Output all of the data exactly, keeping any images out of the copy.

### RAW DATA ###

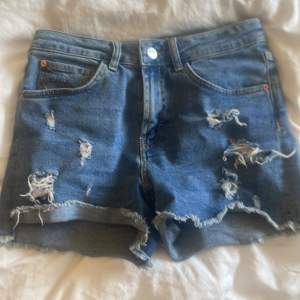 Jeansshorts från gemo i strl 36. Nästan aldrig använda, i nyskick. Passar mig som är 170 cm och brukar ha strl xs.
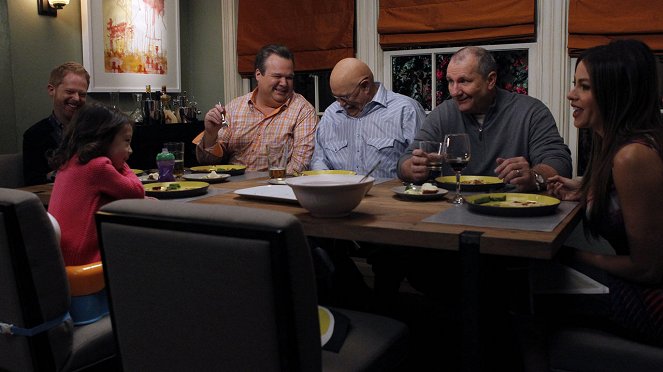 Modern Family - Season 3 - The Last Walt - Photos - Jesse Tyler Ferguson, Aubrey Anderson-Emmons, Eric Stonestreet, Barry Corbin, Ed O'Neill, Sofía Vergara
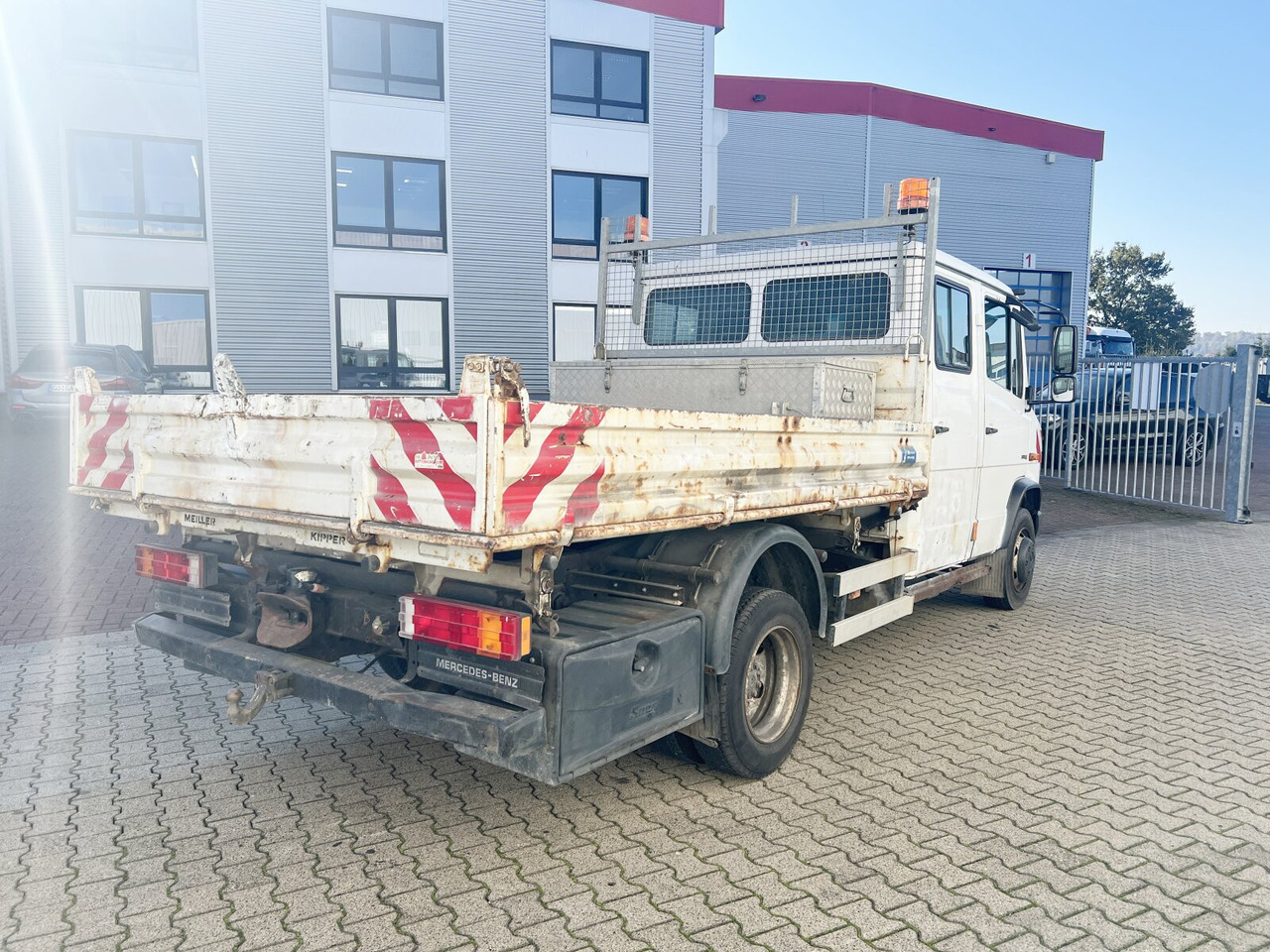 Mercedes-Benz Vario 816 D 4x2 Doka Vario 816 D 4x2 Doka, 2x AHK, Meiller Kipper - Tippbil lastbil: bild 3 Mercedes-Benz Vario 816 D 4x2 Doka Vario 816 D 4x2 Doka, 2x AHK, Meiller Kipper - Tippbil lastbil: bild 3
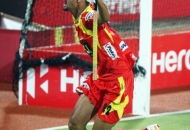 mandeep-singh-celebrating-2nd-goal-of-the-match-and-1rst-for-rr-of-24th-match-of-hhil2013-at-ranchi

###

# FINISHED TASK
 Jeansshorts från gemo i strl 36. Nästan aldrig använda, i nyskick. Passar mig som är 170 cm och brukar ha strl xs.
 Modern Family - Season 3 - The Last Walt - Photos - Jesse Tyler Ferguson, Aubrey Anderson-Emmons, Eric Stonestreet, Barry Corbin, Ed O'Neill, Sofía Vergara
 Mercedes-Benz Vario 816 D 4x2 Doka Vario 816 D 4x2 Doka, 2x AHK, Meiller Kipper - Tippbil lastbil: bild 3 Mercedes-Benz Vario 816 D 4x2 Doka Vario 816 D 4x2 Doka, 2x AHK, Meiller Kipper - Tippbil lastbil: bild 3
 mandeep-singh-celebrating-2nd-goal-of-the-match-and-1rst-for-rr-of-24th-match-of-hhil2013-at-ranchi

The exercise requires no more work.